*ASSIGNMENT:*
Each line from the one with "Vintage Glass/Mirrors &" through the end of the records below should be transcribed exactly, and each picture should be skipped.

[Short descriptive text snippets]
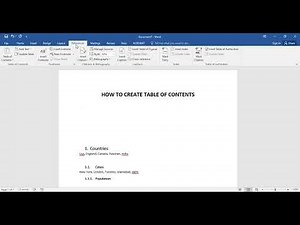 table of content in ms word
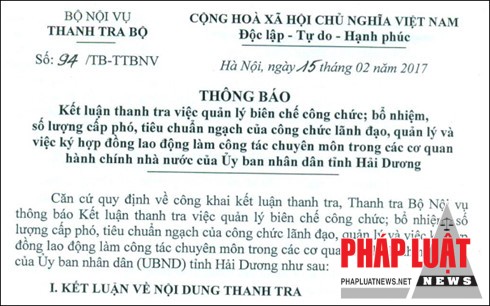 Thông báo Kết luận thanh tra về quản lý biên chế, bổ nhiệm cấp phó trong cơ quan của UBND tỉnh Hải Dương.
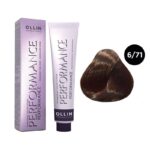 OLLIN Performance Перманентная крем-краска для волос 6/71 темно-русый коричнево-пепельный 60 мл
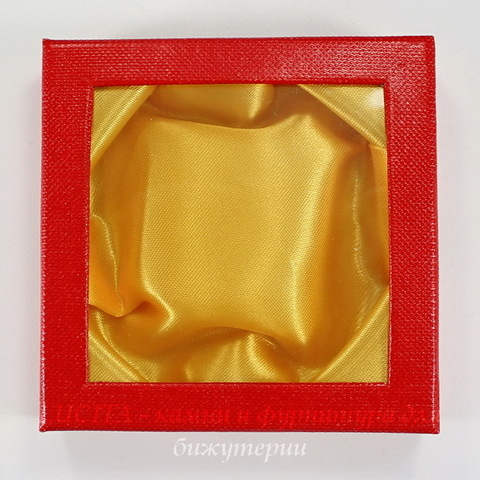 Подарочная коробочка (цвет - красный), 89х89х21 мм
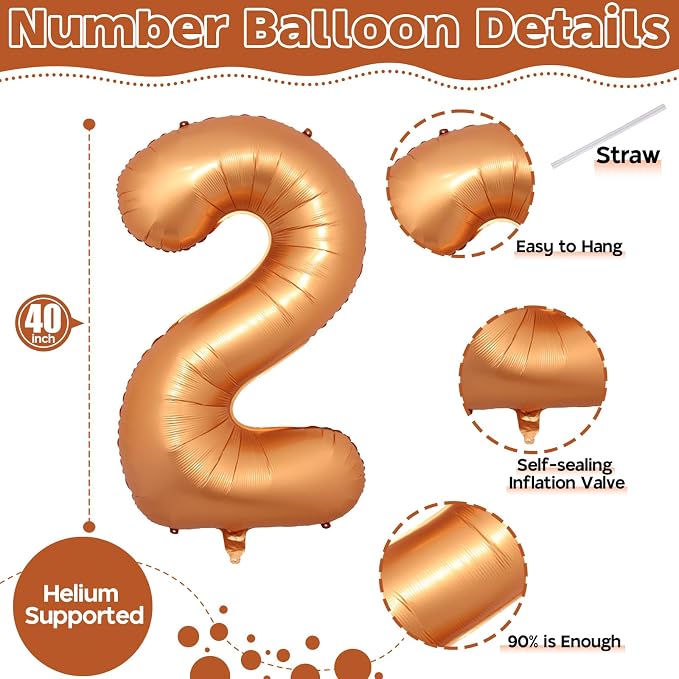 40 Inch 2nd Birthday Balloon, Big Helium Mylar Number 0-9 Set - Image 2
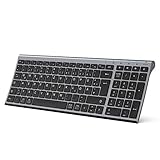 iClever Bluetooth Tastatur, Kabellose Tastaturen mit 3 Bluetooth Kanälen, Funk...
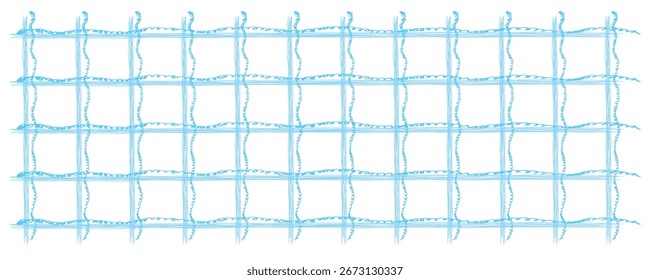 Hand drawn grid vector pattern. Check line background, stripe texture, handdrawn geometric grid wallpaper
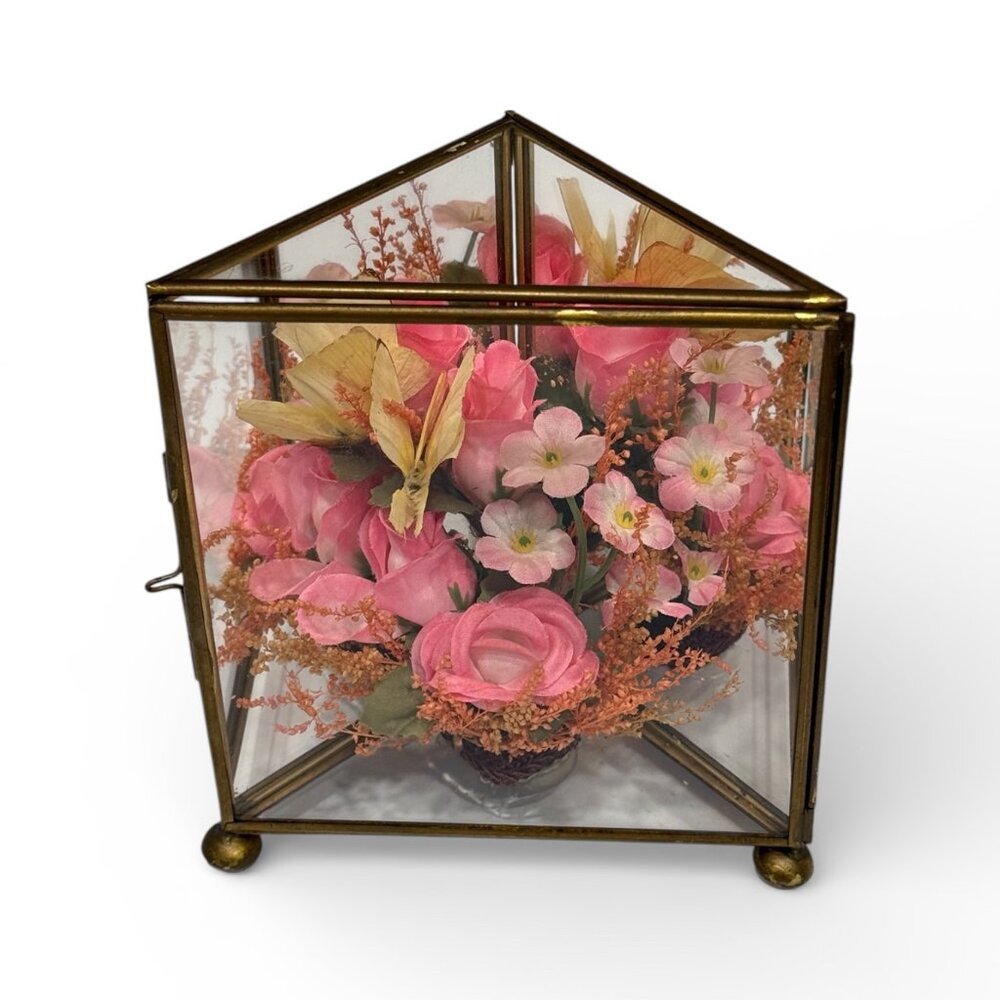 Vintage Glass/Mirrors & Brass Triangular Box with Flowers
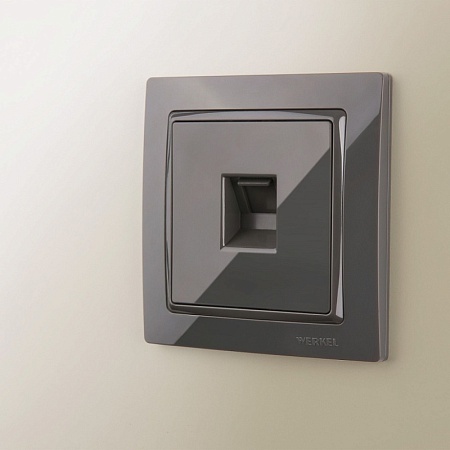 Рамка на 1 пост (серо-коричневый, basic) W0012007 - фото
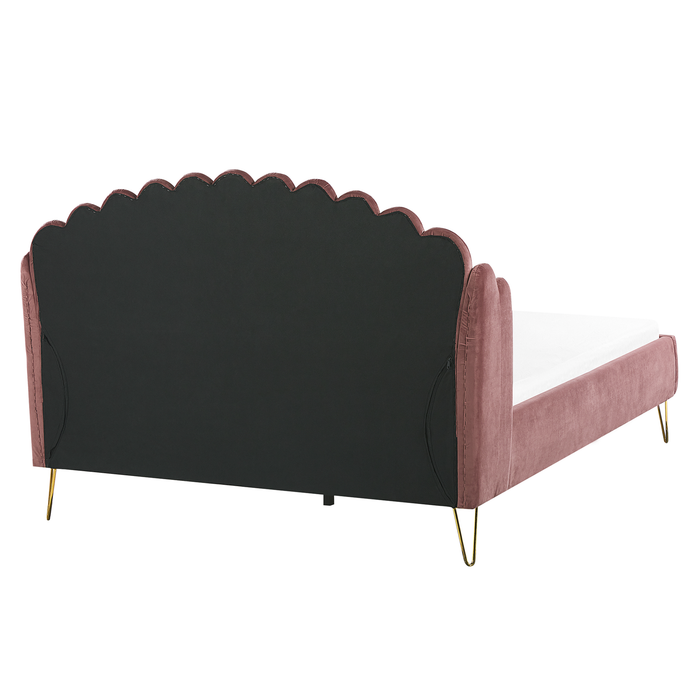 Beliani - AMBILLOU - Tweepersoonsbed - Roze - 160 x 200 cm - Fluweel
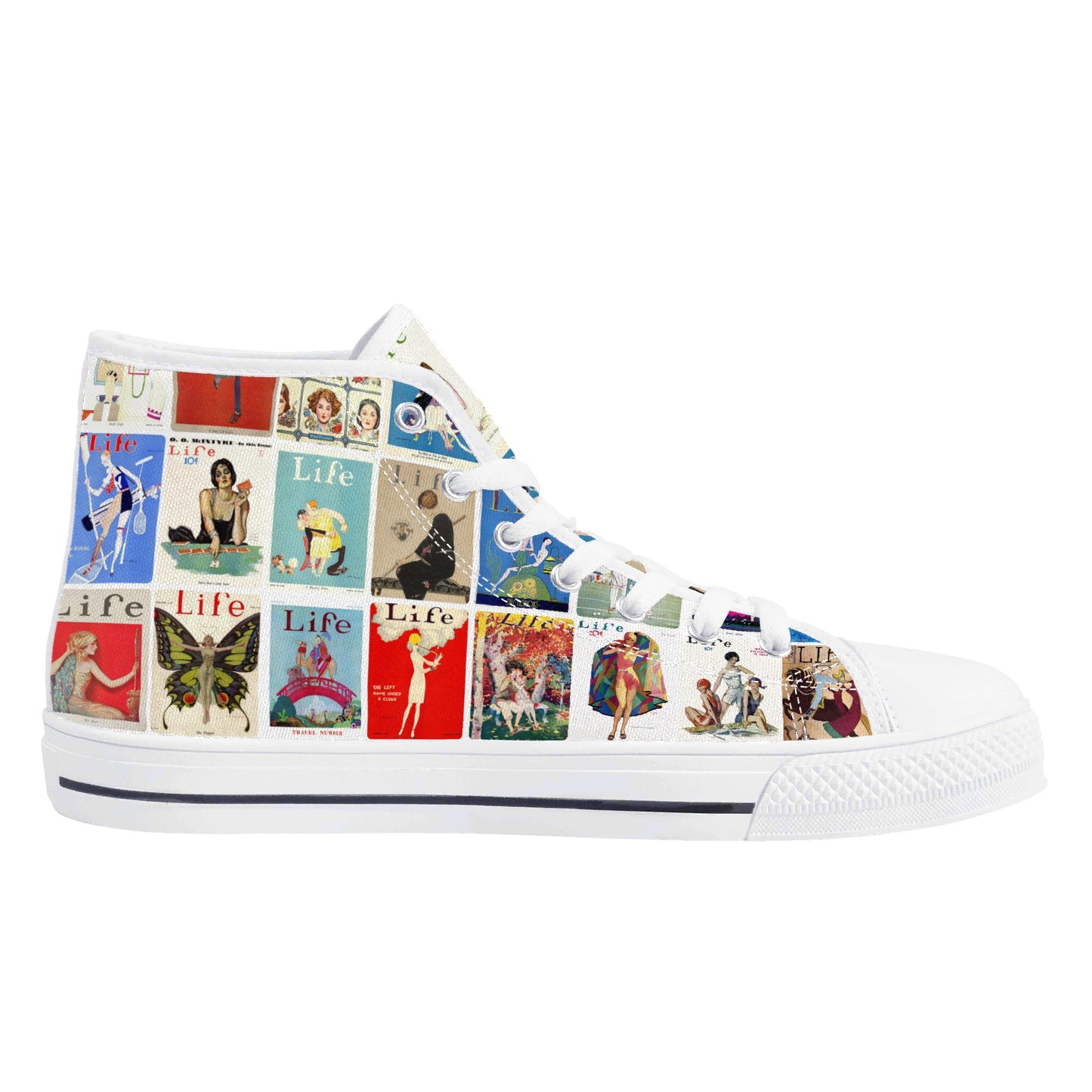 Vintage LIFE Magazine Covers (1924-1929) on Womens High Top Canvas Shoes - Customized Tongue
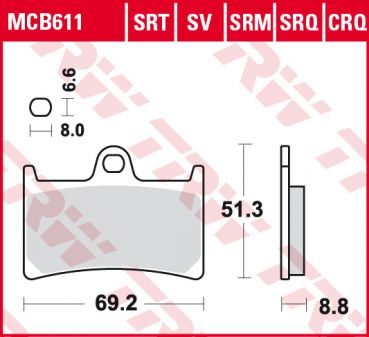 TRW Lucas Racing Bremsbelag MCB 611 TRQ Sintermetall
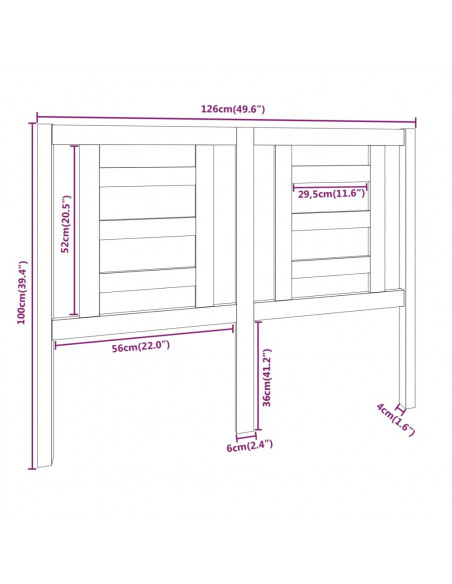 Testiera per Letto Bianca 126x4x100cm in Legno Massello di Pino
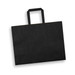 A large flat paper bag in black with a landscape orientation and a flat handle, featuring a logo. A large flat paper bag in black with a landscape orientation and a flat handle, featuring a logo.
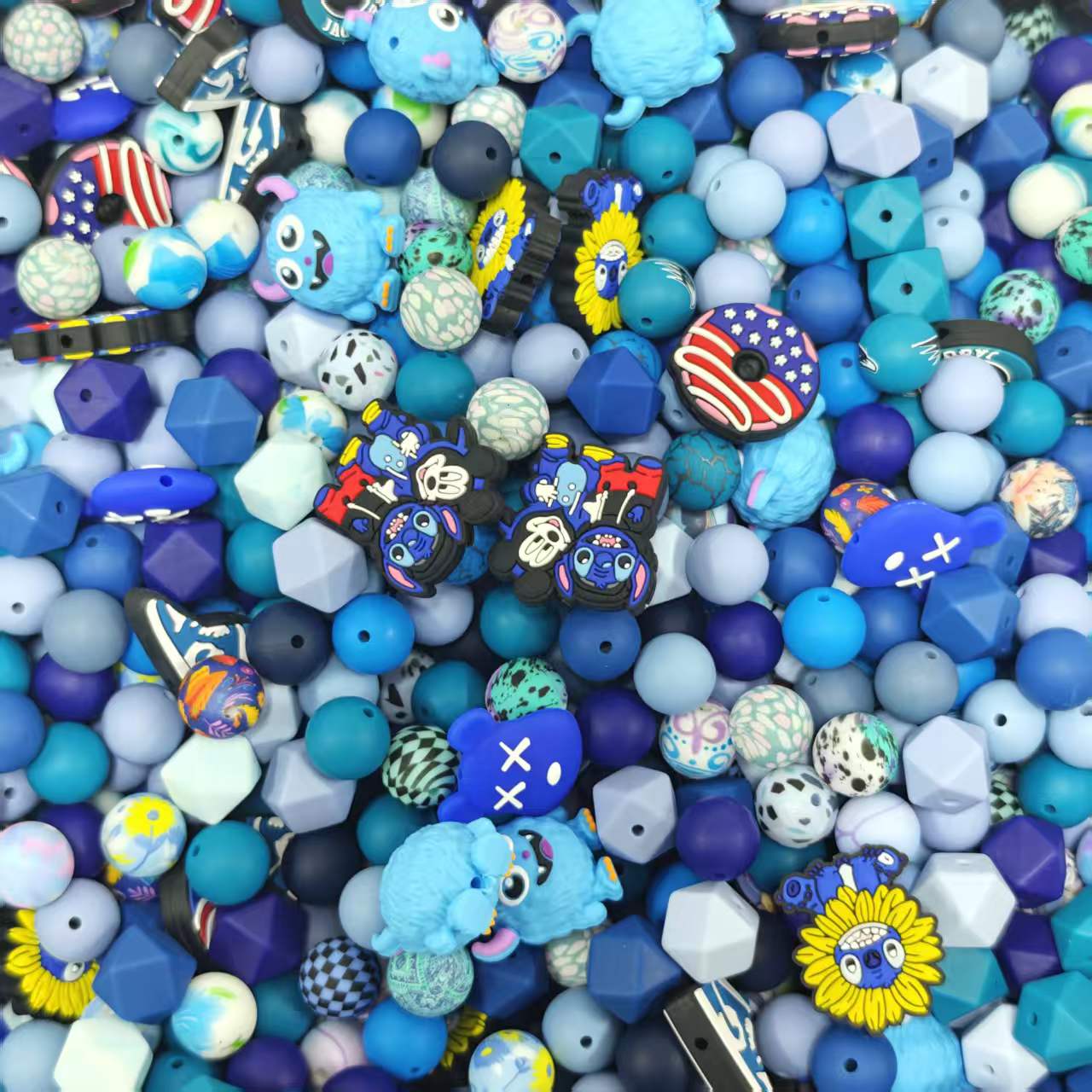 [Big sale]Silicon beads -Blue mix (for beadable pens, keychains, phone chains)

*RESULT:*
 Vintage Glass/Mirrors & Brass Triangular Box with Flowers
 Рамка на 1 пост (серо-коричневый, basic) W0012007 - фото
 Beliani - AMBILLOU - Tweepersoonsbed - Roze - 160 x 200 cm - Fluweel
 Vintage LIFE Magazine Covers (1924-1929) on Womens High Top Canvas Shoes - Customized Tongue
 TRW Lucas Racing Bremsbelag MCB 611 TRQ Sintermetall
 Testiera per Letto Bianca 126x4x100cm in Legno Massello di Pino
 A large flat paper bag in black with a landscape orientation and a flat handle, featuring a logo. A large flat paper bag in black with a landscape orientation and a flat handle, featuring a logo.
 [Big sale]Silicon beads -Blue mix (for beadable pens, keychains, phone chains)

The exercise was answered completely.